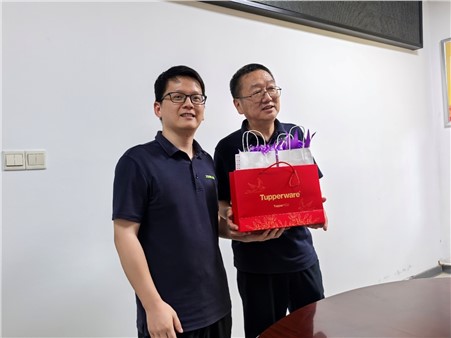 致敬韶華，感恩同行 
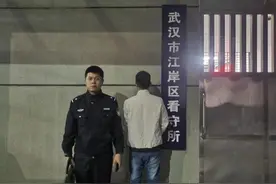 男子为了申请贷款交出“两卡”，贷款没等到却等来了警察图片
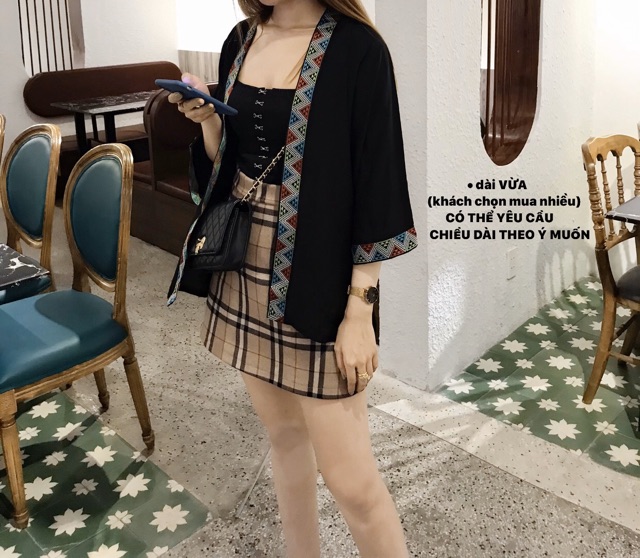 Áo Kimono Viền Thổ Cẩm Trắng-Đen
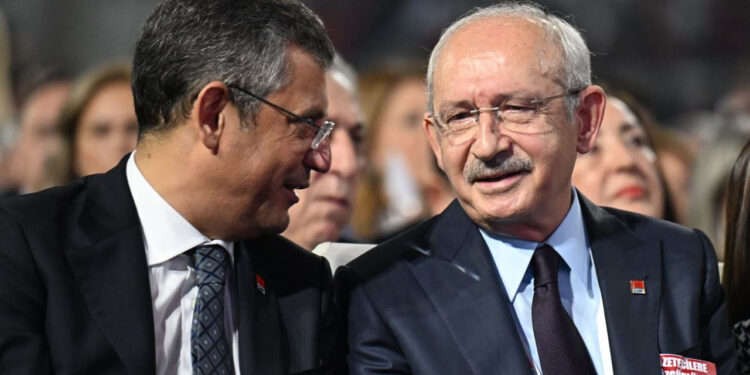 Mahkemeden CHP kurultaylarına ilişkin yeni adım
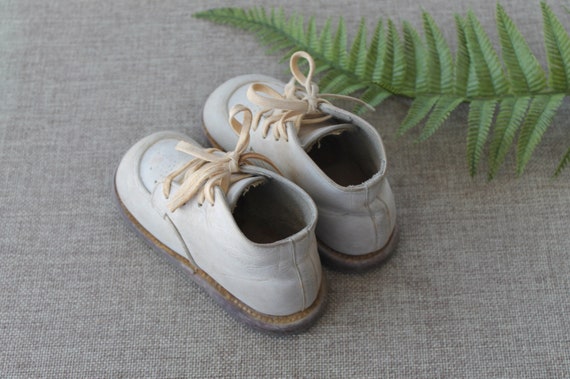 Vintage Pair of White Leather Child's Leather Sho… - image 3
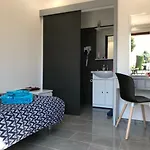 Debbie's Crew House Hostel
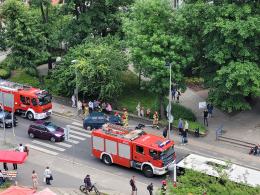 Zderzenie autobusu z osobówką w centrum miasta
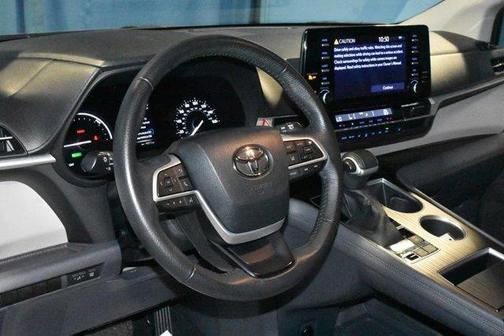 Midnight Black Metallic 2023 Toyota Sienna XLE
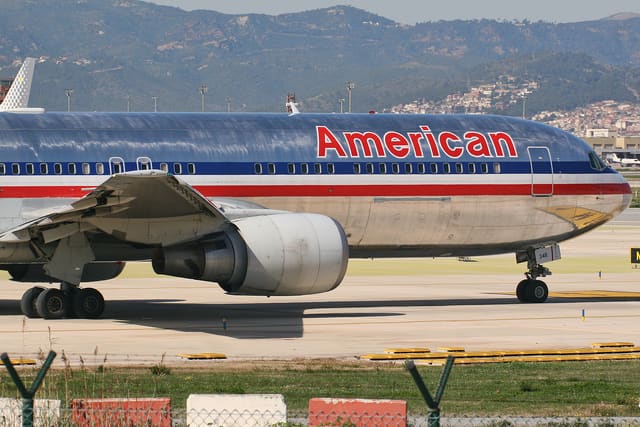 N348AN - Twin-engine aircraft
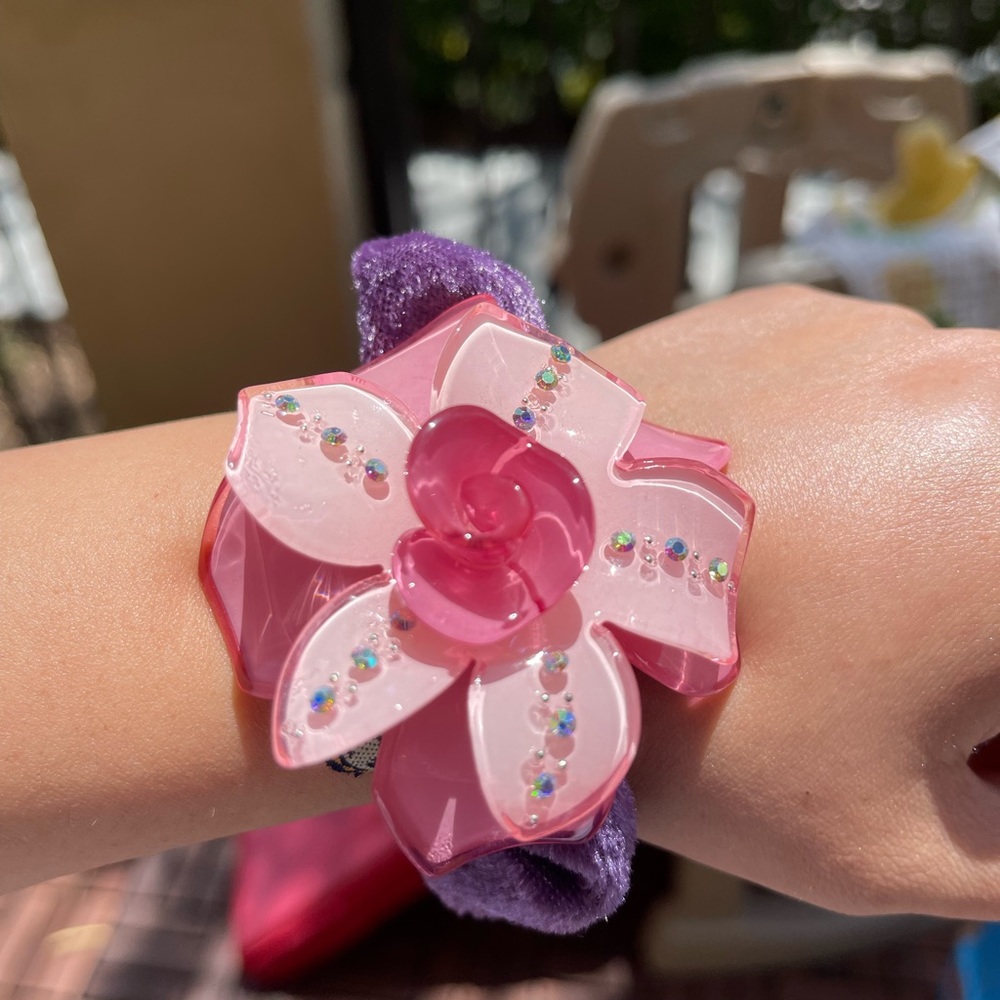 Premium Quality Velvet Scrunchy Hair Tie With Acrylic Flower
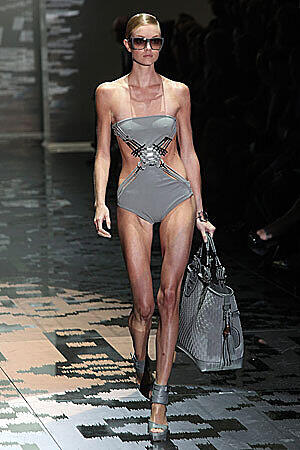 Kommen jetzt die fetten Jahre? So, wie sich dieses Model hier bei der Modewoche "Milano Moda Donna" 2009 zeigt, wollen die Macher des V-Magazines ihre Seiten nicht füllen.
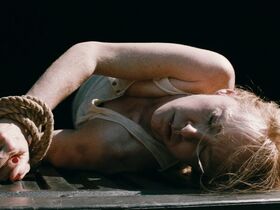 Amy Hargreaves sexy – Hungry Dog Blues (2022)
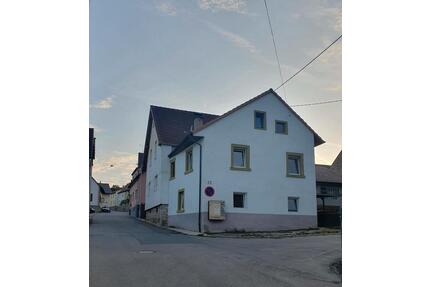 Doppelhaushälfte in Seenähe - 175.000,00&nbsp;EUR Kaufpreis, ca.&nbsp; 96,90&nbsp;m&sup2; in Eppingen (PLZ: 75031)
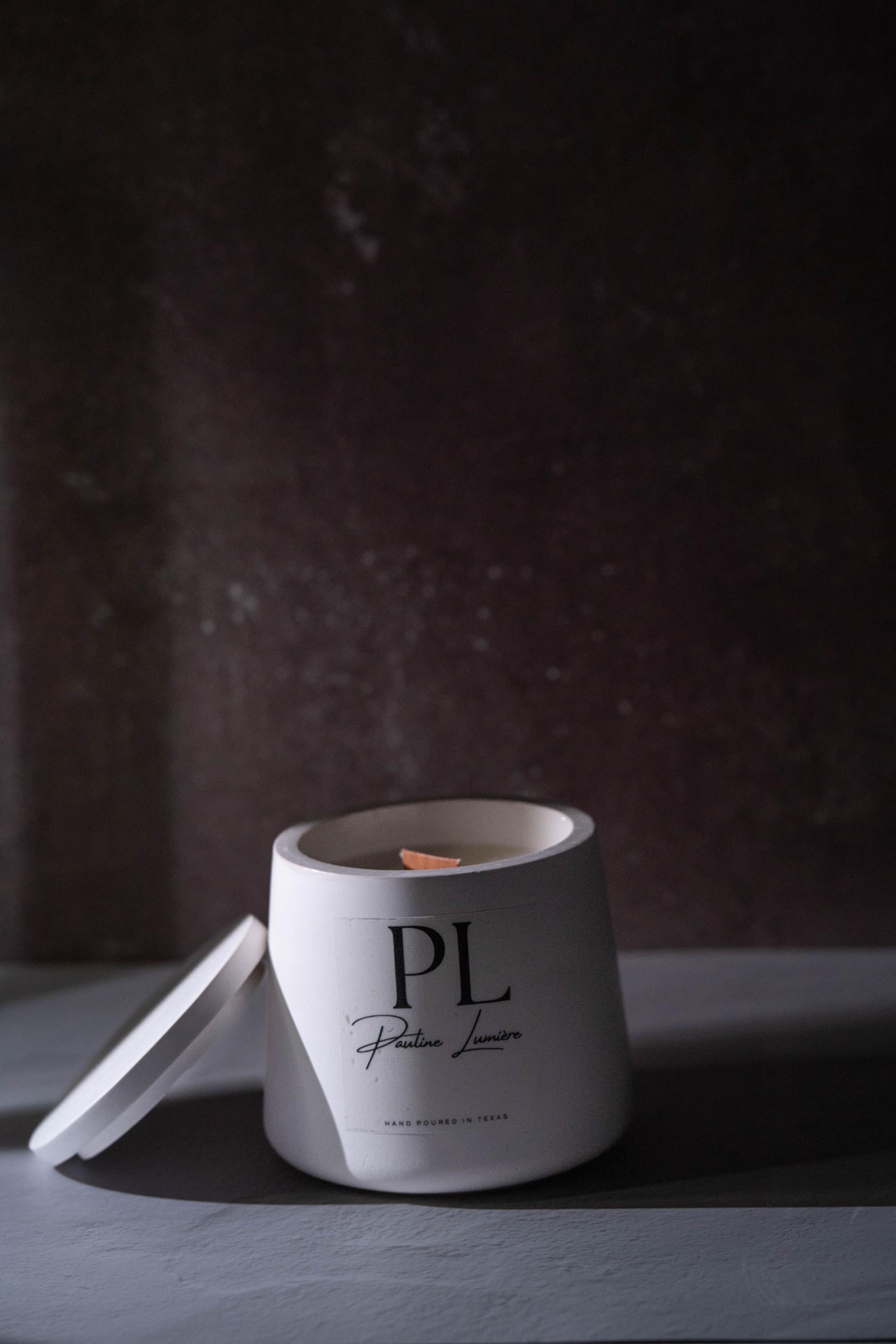 Handmade White Soy Candle with Palo Santo • Sandalwood, Frankincense, Bergamot Aroma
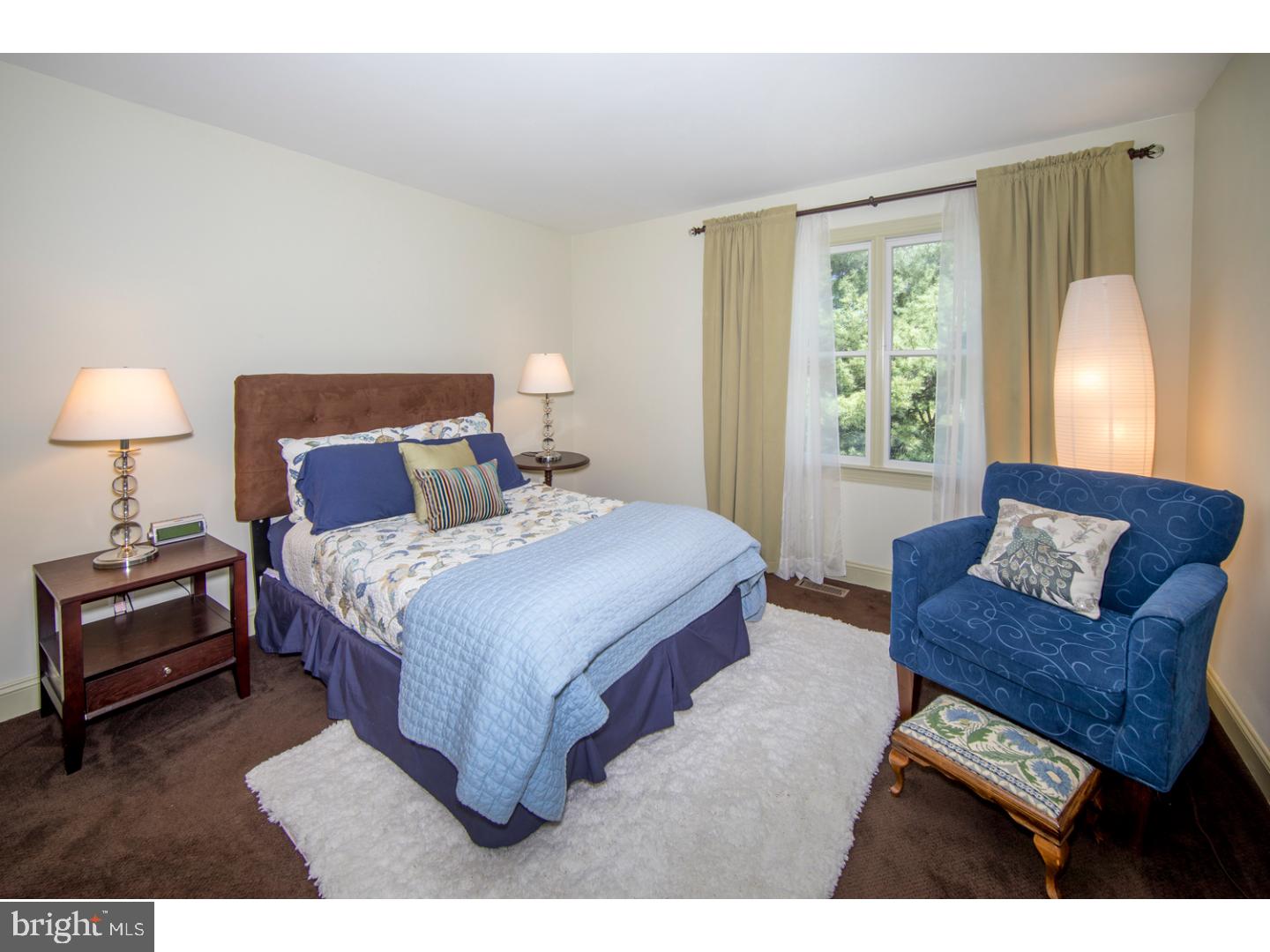 THORNBURY HUNT - Residential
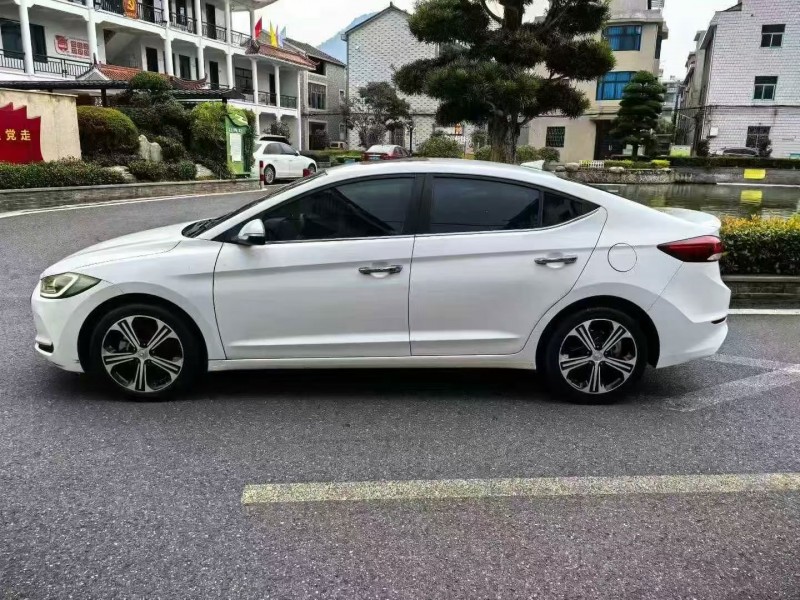 嘉兴19年现代领动7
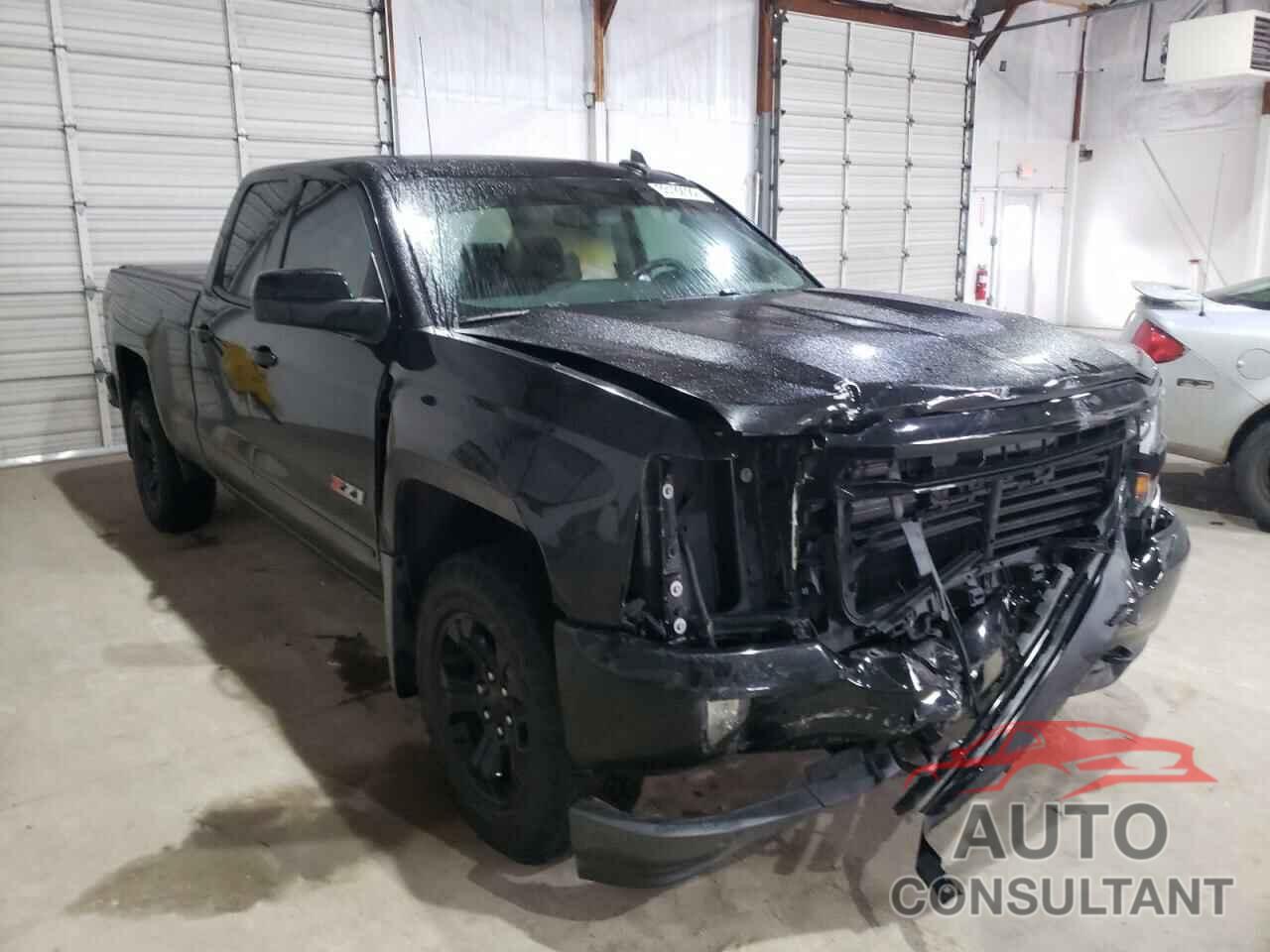 CHEVROLET SILVERADO 2018 - 1GCVKREC3JZ270926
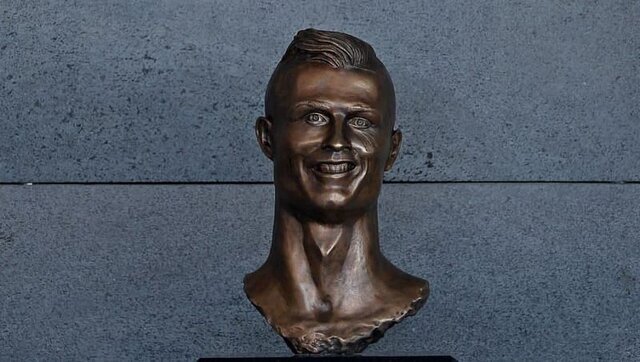 تصاویر | زشت‌ترین مجسمه‌ فوتبالیست‌ها  |  این ها را فقط می توان یک فاجعه توصیف کرد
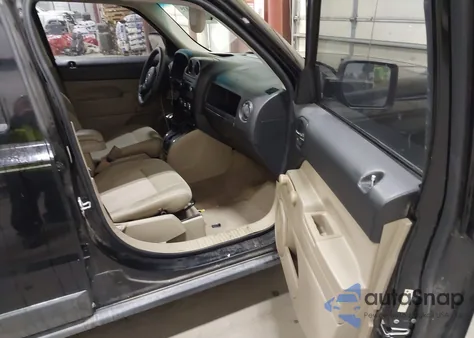 2013 Jeep Patriot Sport z USA, uszkodzony, nr VIN 1C4NJPBA9DD121853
--------------------------------------------------
— What to work on —
Every line from the start of the material through the line holding "Premium Quality Velvet" must be returned exactly, and the pictures must not.

— Written response —
 致敬韶華，感恩同行 
 男子为了申请贷款交出“两卡”，贷款没等到却等来了警察图片
 Áo Kimono Viền Thổ Cẩm Trắng-Đen
 Mahkemeden CHP kurultaylarına ilişkin yeni adım
 Vintage Pair of White Leather Child's Leather Sho… - image 3
 Debbie's Crew House Hostel
 Zderzenie autobusu z osobówką w centrum miasta
 Midnight Black Metallic 2023 Toyota Sienna XLE
 N348AN - Twin-engine aircraft
 Premium Quality Velvet Scrunchy Hair Tie With Acrylic Flower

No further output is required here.